▸ Materials provided
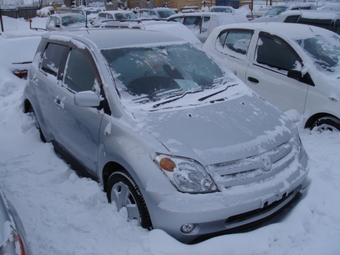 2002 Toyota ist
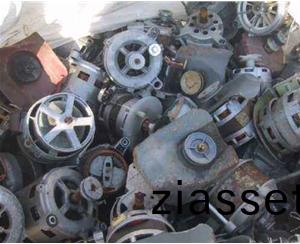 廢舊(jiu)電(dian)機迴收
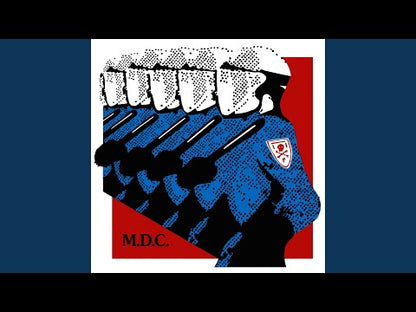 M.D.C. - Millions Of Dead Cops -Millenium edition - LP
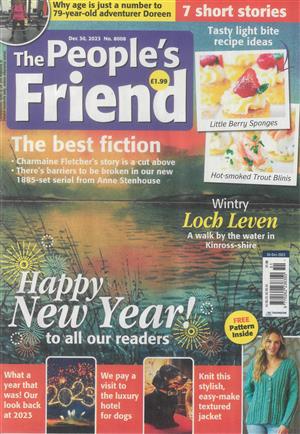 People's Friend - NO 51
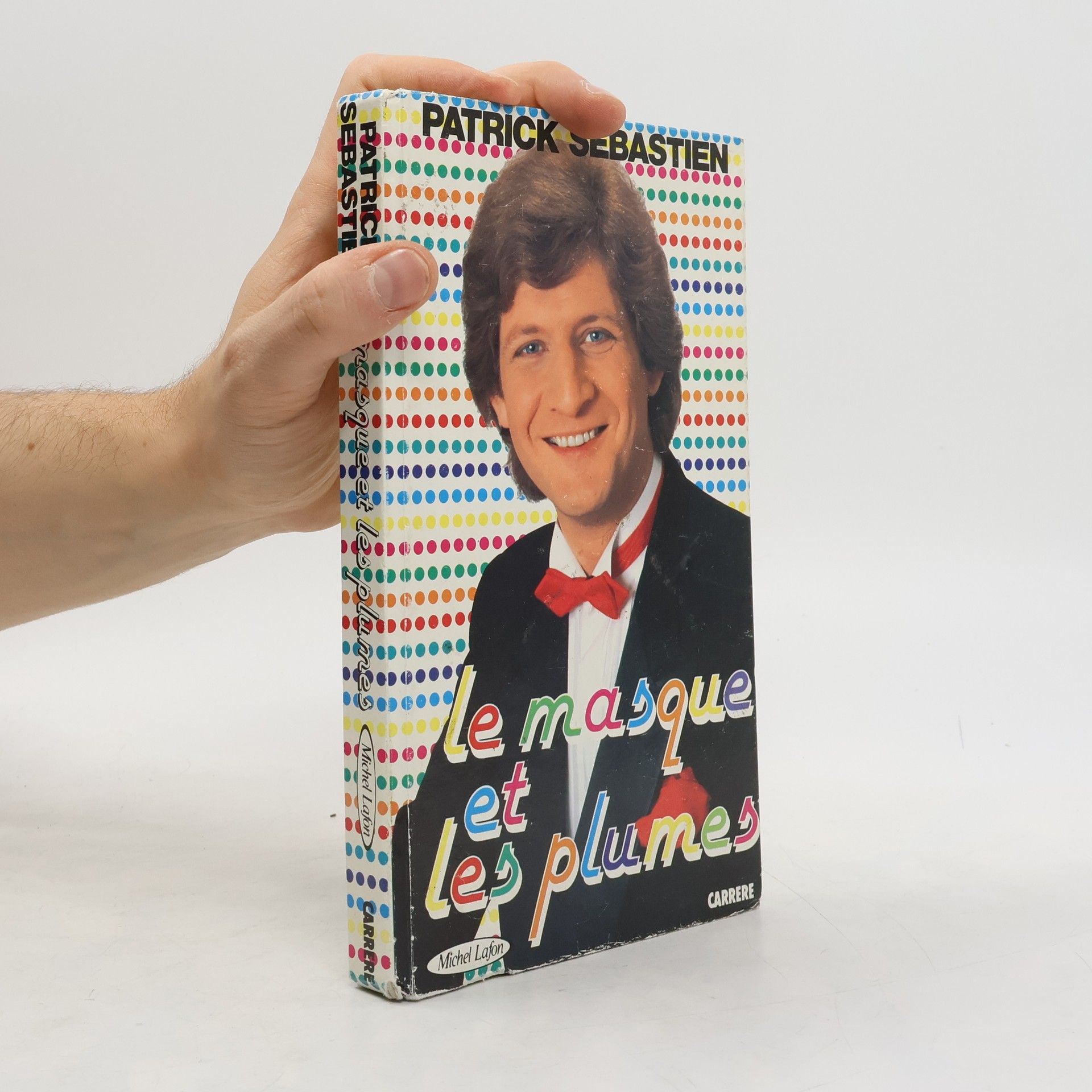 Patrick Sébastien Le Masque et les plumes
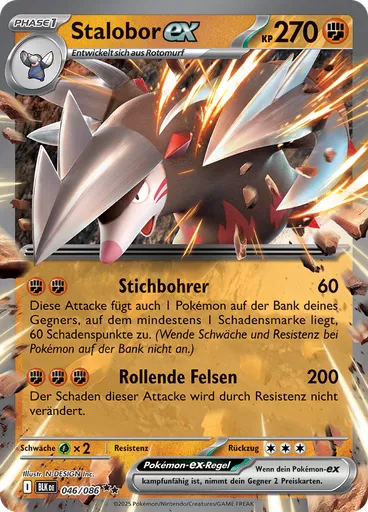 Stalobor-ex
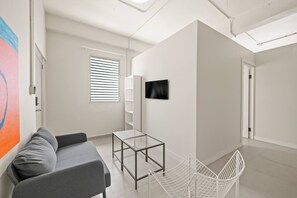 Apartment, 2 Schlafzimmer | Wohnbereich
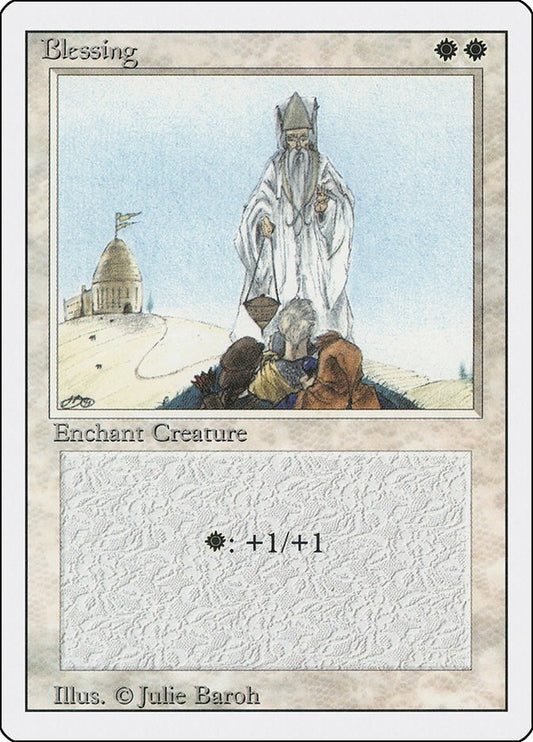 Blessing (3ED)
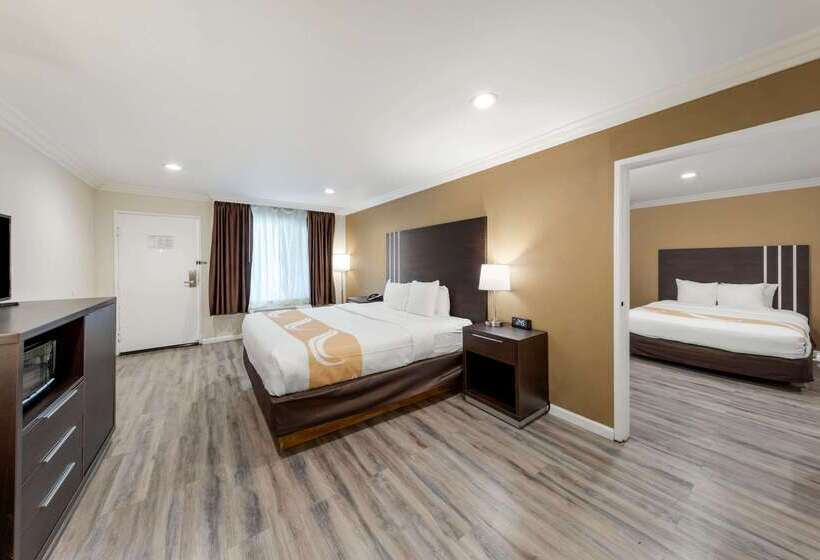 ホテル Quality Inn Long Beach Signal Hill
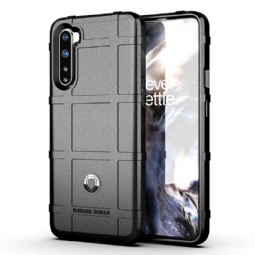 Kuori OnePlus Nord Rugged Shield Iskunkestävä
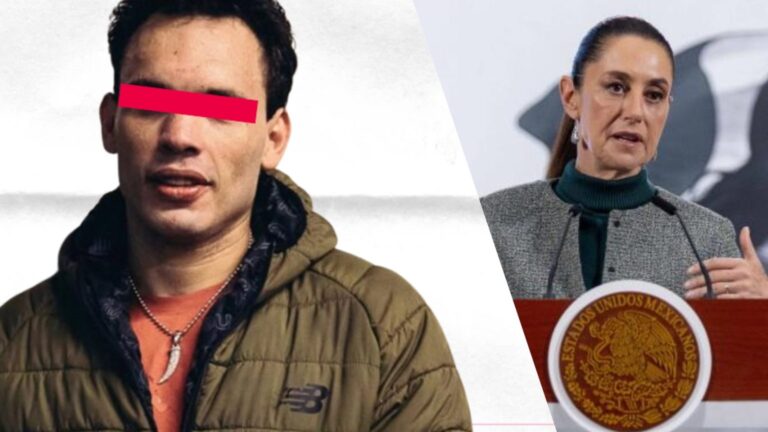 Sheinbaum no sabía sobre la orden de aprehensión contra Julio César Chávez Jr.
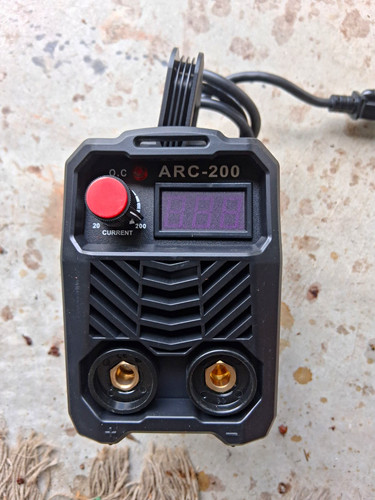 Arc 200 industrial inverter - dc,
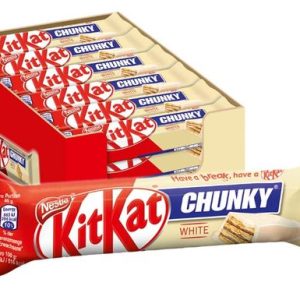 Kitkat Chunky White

==

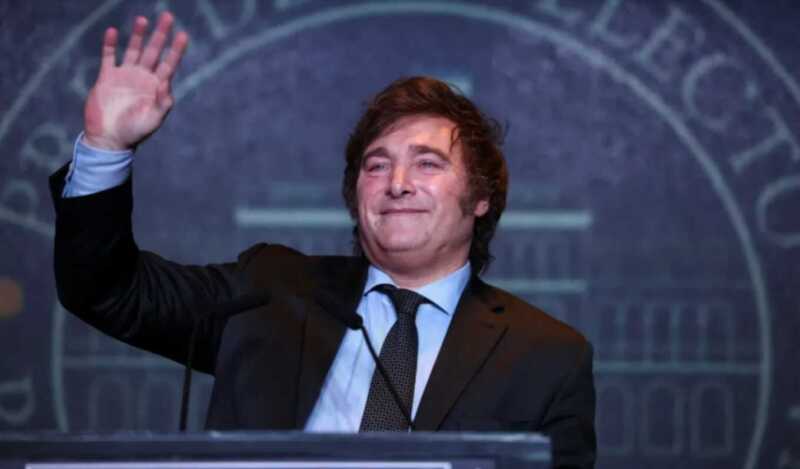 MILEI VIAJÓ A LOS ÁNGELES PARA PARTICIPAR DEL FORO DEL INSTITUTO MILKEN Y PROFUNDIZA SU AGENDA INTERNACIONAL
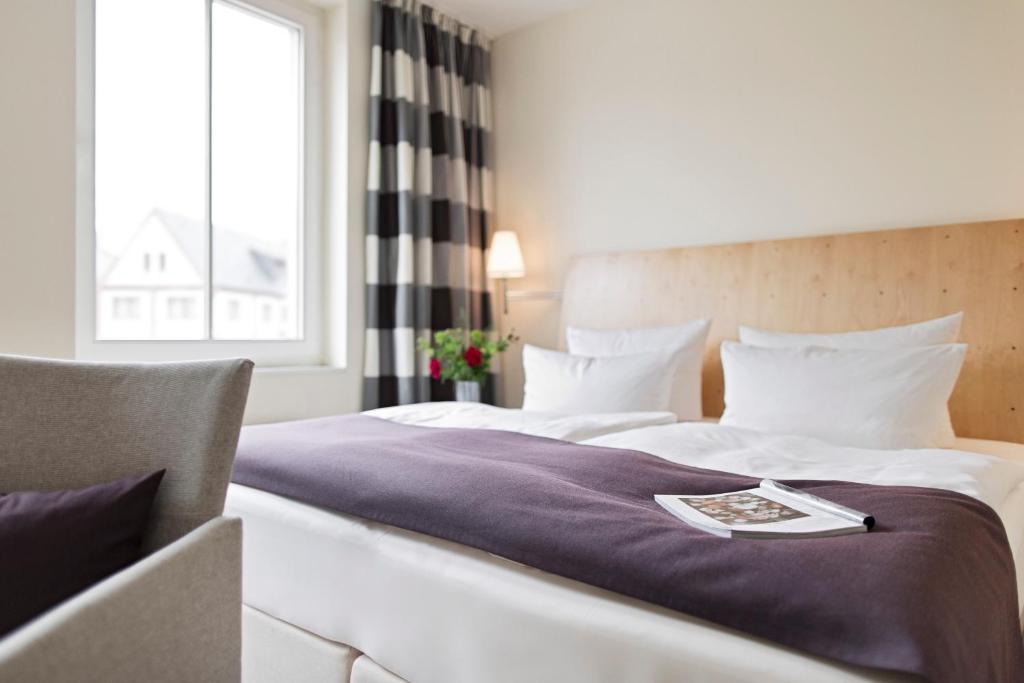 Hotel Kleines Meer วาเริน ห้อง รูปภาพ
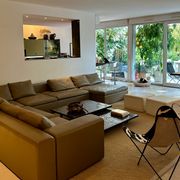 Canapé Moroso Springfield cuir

▸ What you are asked to do
The answer is the lines of the material above, from the one containing "Patrick Sébastien Le Masque et les plumes" down to the one containing "Kuori OnePlus Nord", given exactly and without images.

▸ Result below
 Patrick Sébastien Le Masque et les plumes
 Stalobor-ex
 Apartment, 2 Schlafzimmer | Wohnbereich
 Blessing (3ED)
 ホテル Quality Inn Long Beach Signal Hill
 Kuori OnePlus Nord Rugged Shield Iskunkestävä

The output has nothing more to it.